I often hear men express the sentiment that on hearing news reports or some disturbing story about what individual other men have done to women, or perhaps statistics on the same, it makes them ashamed to be men.  Well...

I asked myself a long time ago how I might appropriately respond to the existence of violence and rape against women by men.  This was considerably before I read any radical feminism.  I was aware of gender reassignment from quite an early age.  I seem to recall it was from about the age of ten or eleven.  Putting the two together, the solution seemed quite obvious to me:  men are bastards, so stop being a man and have a sex change.  To me, it was a complete no-brainer.  Now, it could of course be argued that I wanted to do that anyway on some level and that's true and probably my real motive, but I remain convinced that that's a logical response to the problem.  Perhaps not an ideal one as there are all sorts of ways of being a man and simply vacating the gender leaves it more stereotypically negative than it would otherwise have been, which is a bit of Janice Raymond which I completely agree with - she's not a monster, remember?
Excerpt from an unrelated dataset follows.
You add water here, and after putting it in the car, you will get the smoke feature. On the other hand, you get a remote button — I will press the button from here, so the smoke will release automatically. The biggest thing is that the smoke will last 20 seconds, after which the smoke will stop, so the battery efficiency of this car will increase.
Logical though that may seem, however, the problem was that it turned out that this wasn't what radical feminism wanted me to do at all.  Quite the opposite.  Apparently doing the most emphatically anti-male violence and rape thing I can imagine is the very thing I'm not supposed to do in any circumstances.  The rational alternative (and I mean alternative - one of two choices) is suicide.
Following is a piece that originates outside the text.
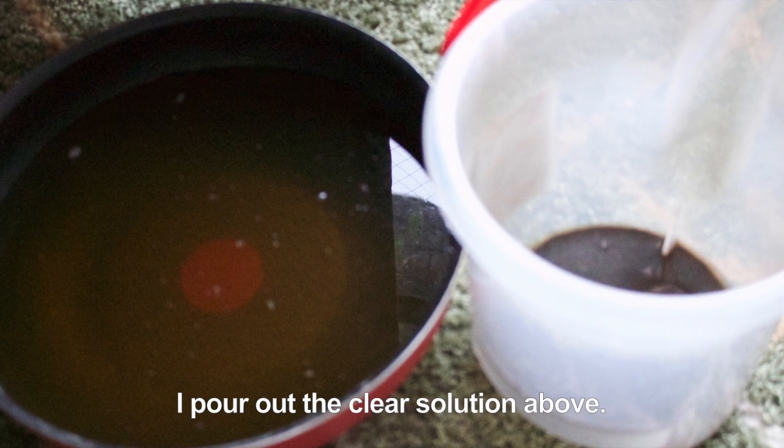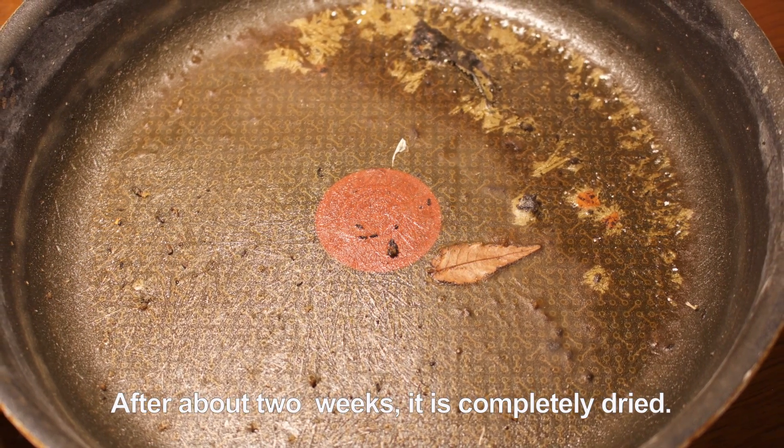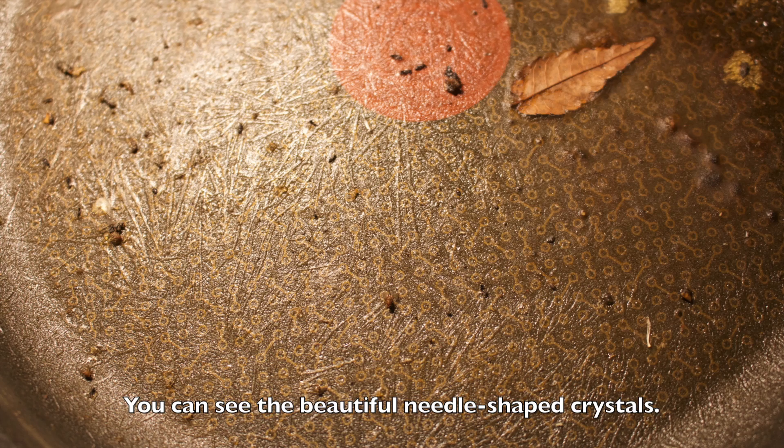I pour out the clear solution above. After about two weeks, it is completely dried. You can see the beautiful needle-shaped crystals.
Rather surprisingly, another option mentioned by some feminists is to bail out of male gynephilia, something which never interested me personally in the first place.  This puzzles me somewhat since there is also violence and rape in gay and lesbian relationships, so it doesn't seem to solve the problem.  Also, it seems much less extreme than castration, oestrogen and penectomy.

I just don't know to be honest, I'm not really reaching any conclusion here except to say the apparently obvious and most effective solution, putting your money where your mouth is and actually getting castrated and removing the offending member is for some reason completely the opposite of what radfems want.  It is of course true that rape is about power and not sex, but it still seems that this is at least a symbolic gesture of solidarity and I really cannot see why it mustn't be done.  Just seems the obvious choice to me.